_Available data_
=== Begin Enclosure ===

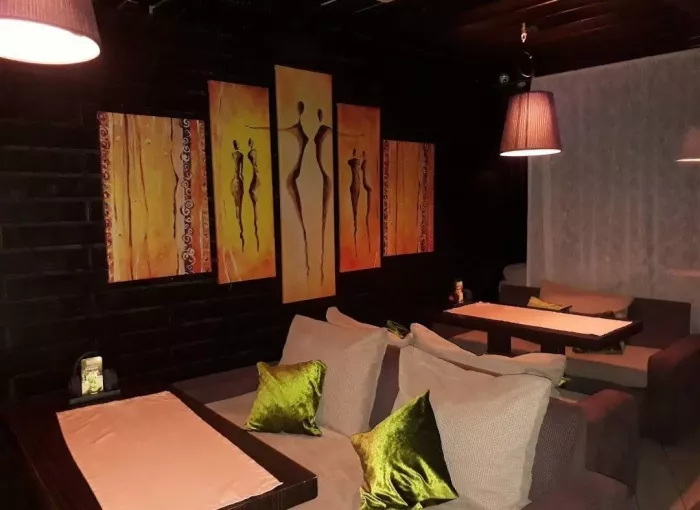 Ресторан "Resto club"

=== End Enclosure ===
=== Begin Enclosure ===

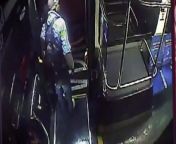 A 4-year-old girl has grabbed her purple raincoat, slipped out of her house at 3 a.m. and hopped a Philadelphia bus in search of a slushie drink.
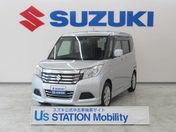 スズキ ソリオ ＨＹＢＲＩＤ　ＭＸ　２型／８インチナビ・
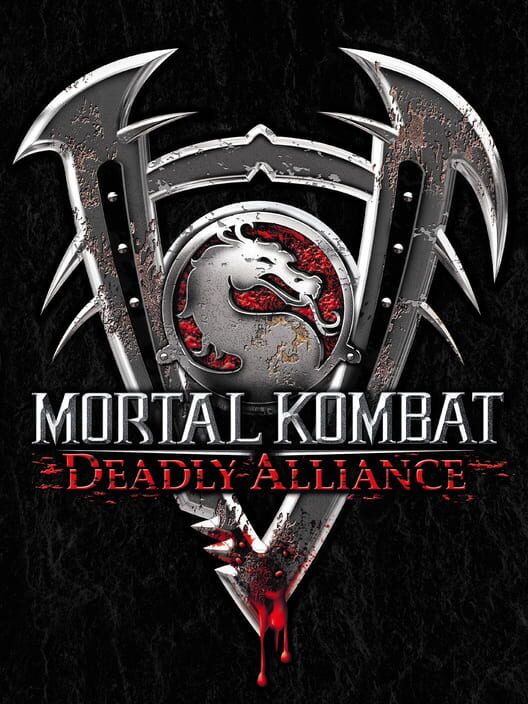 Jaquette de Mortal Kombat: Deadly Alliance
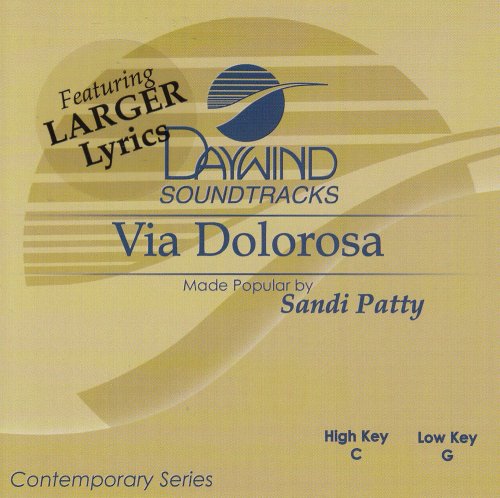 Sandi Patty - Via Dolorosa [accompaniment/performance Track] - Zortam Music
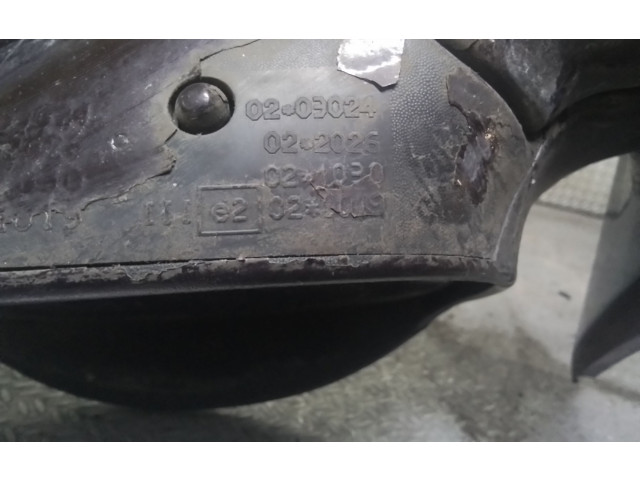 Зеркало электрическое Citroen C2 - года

=== End Enclosure ===

_Problem details_
Beginning with the line above that has "スズキ ソリオ ＨＹＢＲＩＤ　ＭＸ　２型／８インチナビ・" and going on through the line that has "Зеркало электрическое Citroen C2 - года", retype every line exactly and add nothing else; drop the pictures.

_Answer to this task_
 スズキ ソリオ ＨＹＢＲＩＤ　ＭＸ　２型／８インチナビ・
 Jaquette de Mortal Kombat: Deadly Alliance
 Sandi Patty - Via Dolorosa [accompaniment/performance Track] - Zortam Music
 Зеркало электрическое Citroen C2 - года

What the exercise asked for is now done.